* _RECORDED DATA_:
Segment Open

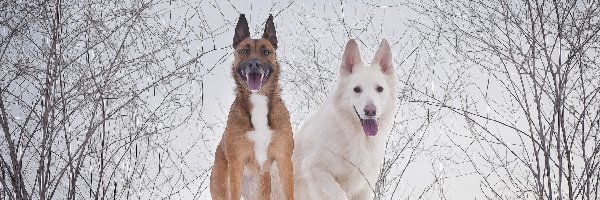 Zima, Psy, Dwa, Grafika, Biały owczarek szwajcarski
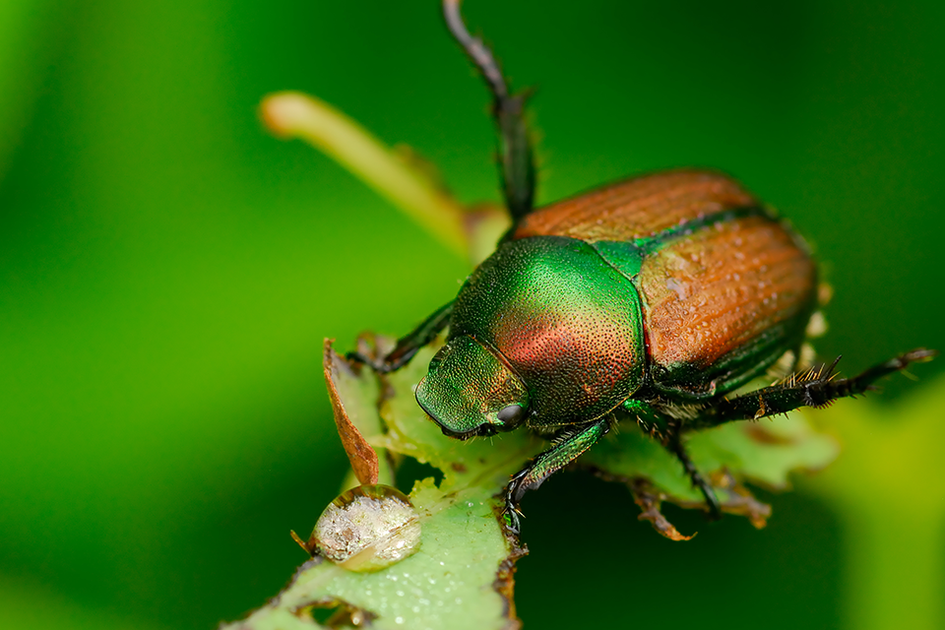 Tree & Shrub Insects - Get Green Lawn Kings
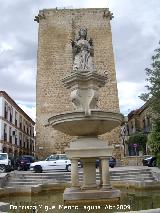 Fuente de la Plaza. 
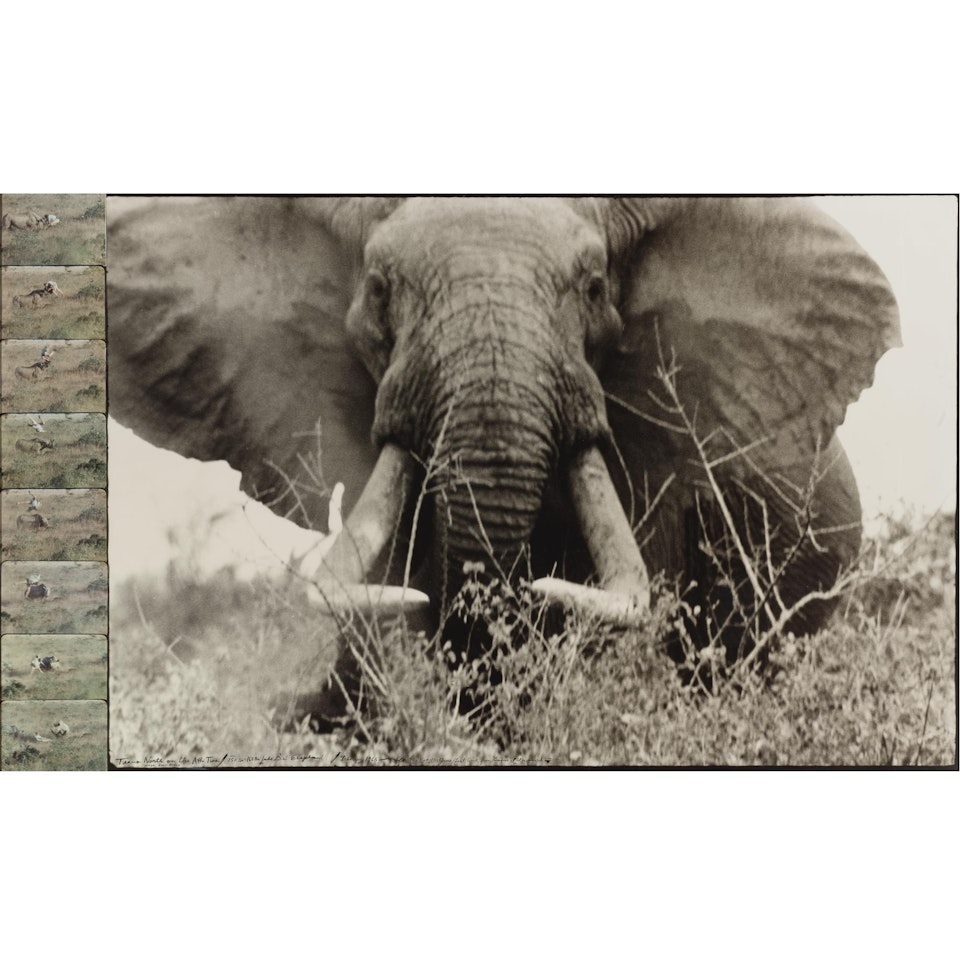 Tsavo North On The Athi Tiva, Circa 150 Lbs. - 160 Lbs. Side Bull Elephant by Peter Beard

Segment Closed

* _WHAT NEEDS TO BE DONE_: The lines from the one containing "Tree & Shrub Insects - Get Green Lawn Kings" through the last line of the data above are to be transcribed exactly, both included, with all pictures left out.

* _YOUR RESPONSE_:
 Tree & Shrub Insects - Get Green Lawn Kings
 Fuente de la Plaza. 
 Tsavo North On The Athi Tiva, Circa 150 Lbs. - 160 Lbs. Side Bull Elephant by Peter Beard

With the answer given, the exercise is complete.